Among the lines below, output only those between the line holding "Dell Inspiron 3535" and the line holding "1370 Fernwood Ln — Photo 8", inclusive, exactly as written and with no pictures.

= RECORDS FOR THIS EXERCISE =
★ ★ ★ ★
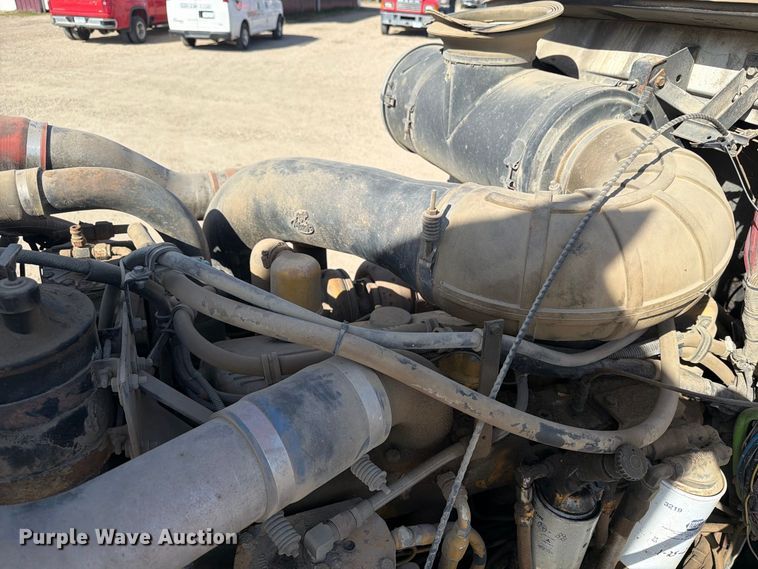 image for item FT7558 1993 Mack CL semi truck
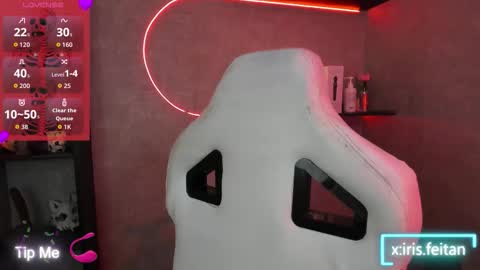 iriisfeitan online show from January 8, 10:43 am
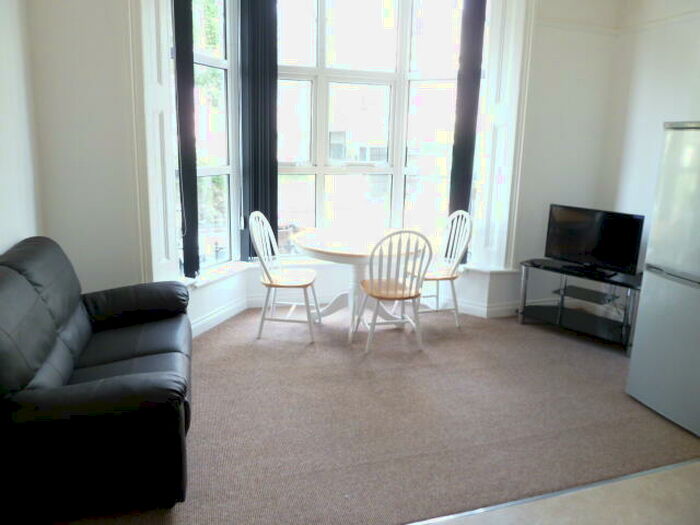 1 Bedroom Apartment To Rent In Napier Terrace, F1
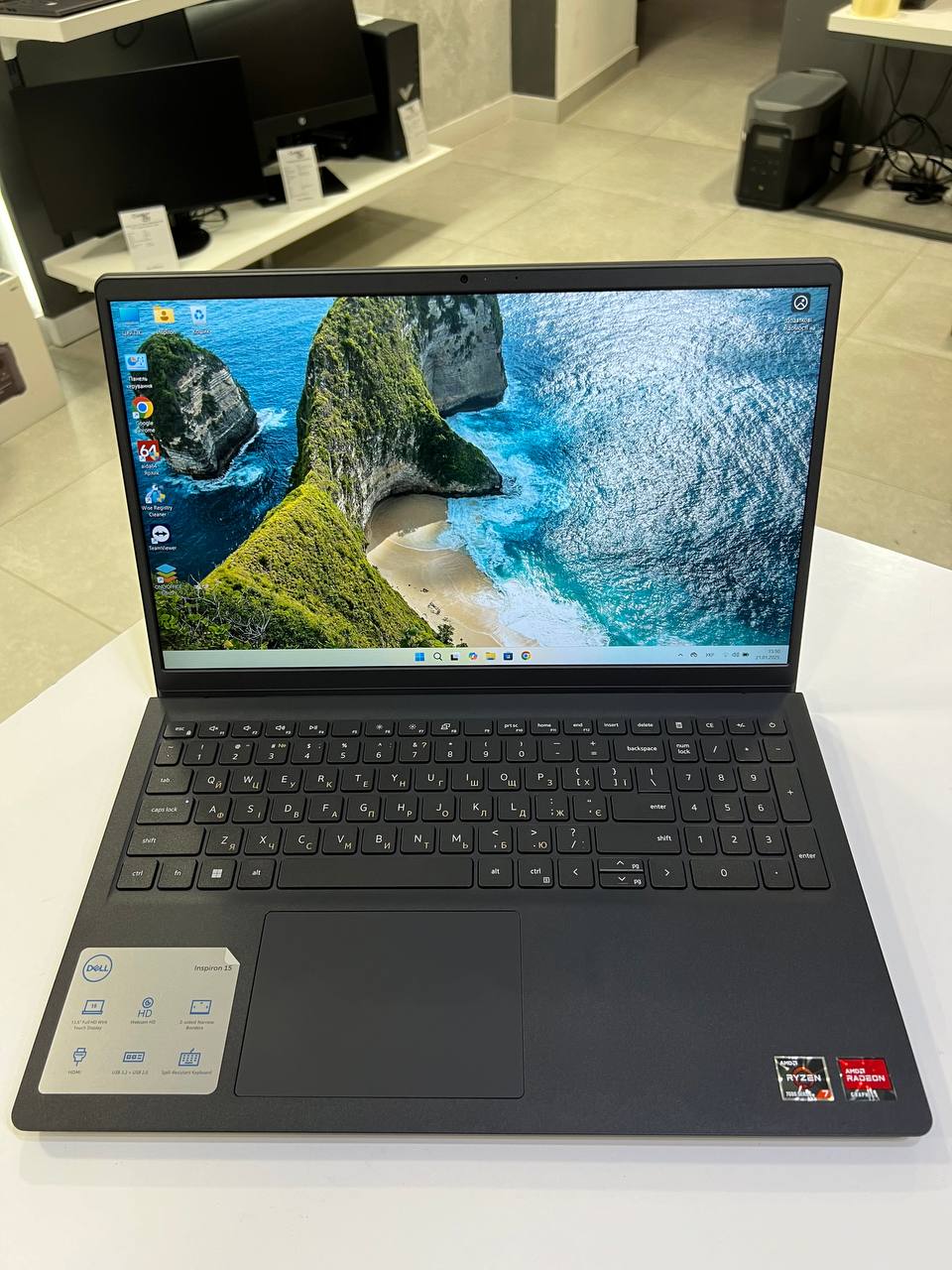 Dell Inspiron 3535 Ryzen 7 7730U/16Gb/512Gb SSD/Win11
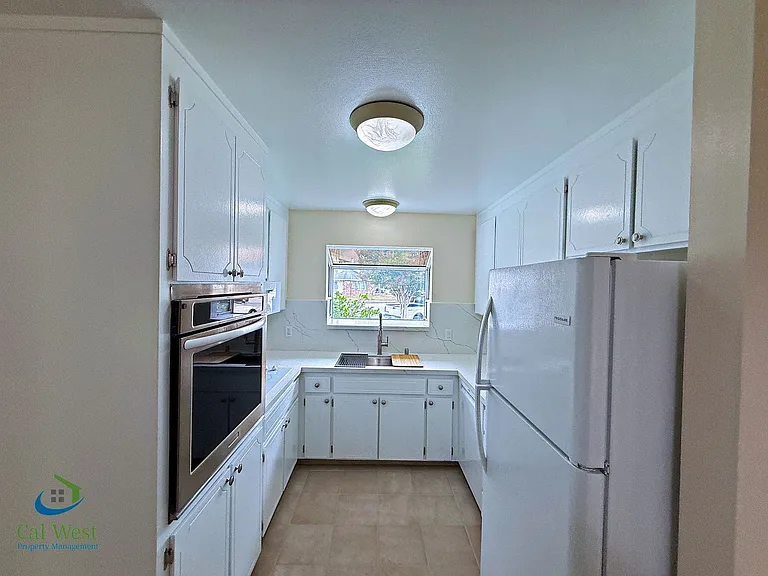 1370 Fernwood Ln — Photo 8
★ ★ ★ ★
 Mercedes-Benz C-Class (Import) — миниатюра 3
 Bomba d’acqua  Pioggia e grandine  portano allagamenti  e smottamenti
★ ★ ★ ★
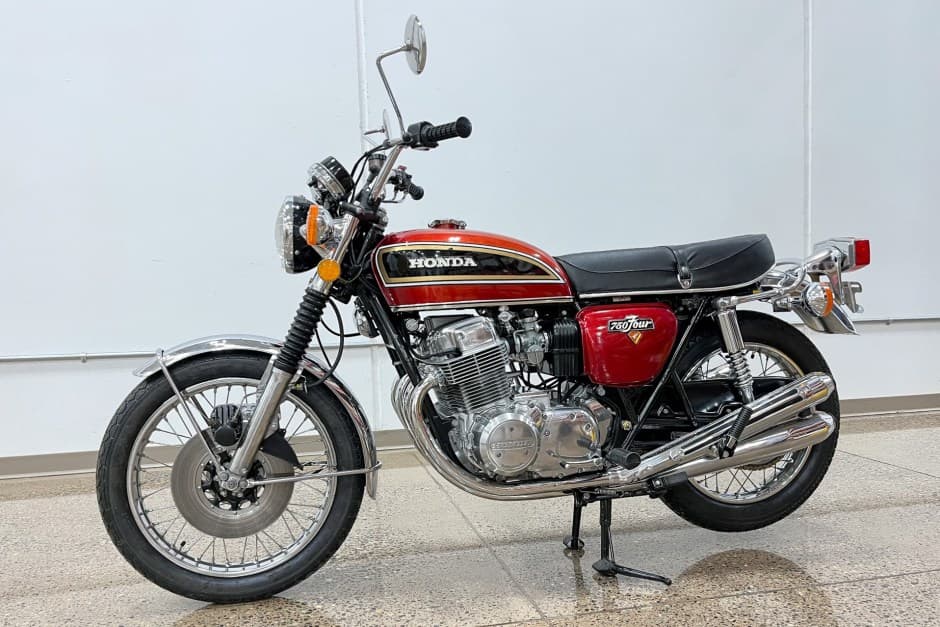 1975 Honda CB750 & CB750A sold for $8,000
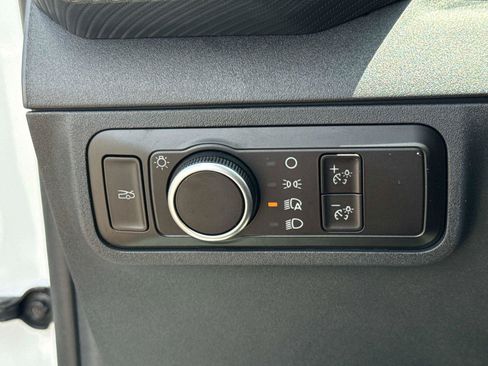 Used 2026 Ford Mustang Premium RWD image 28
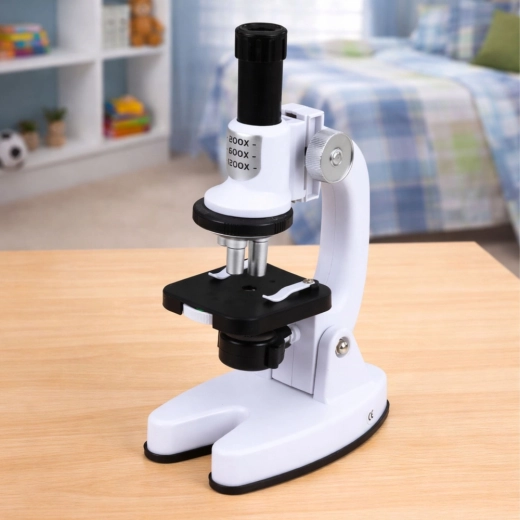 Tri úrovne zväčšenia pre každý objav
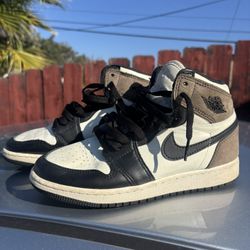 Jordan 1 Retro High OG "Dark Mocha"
★ ★ ★ ★
= WRITTEN RESPONSE =
 Dell Inspiron 3535 Ryzen 7 7730U/16Gb/512Gb SSD/Win11
 1370 Fernwood Ln — Photo 8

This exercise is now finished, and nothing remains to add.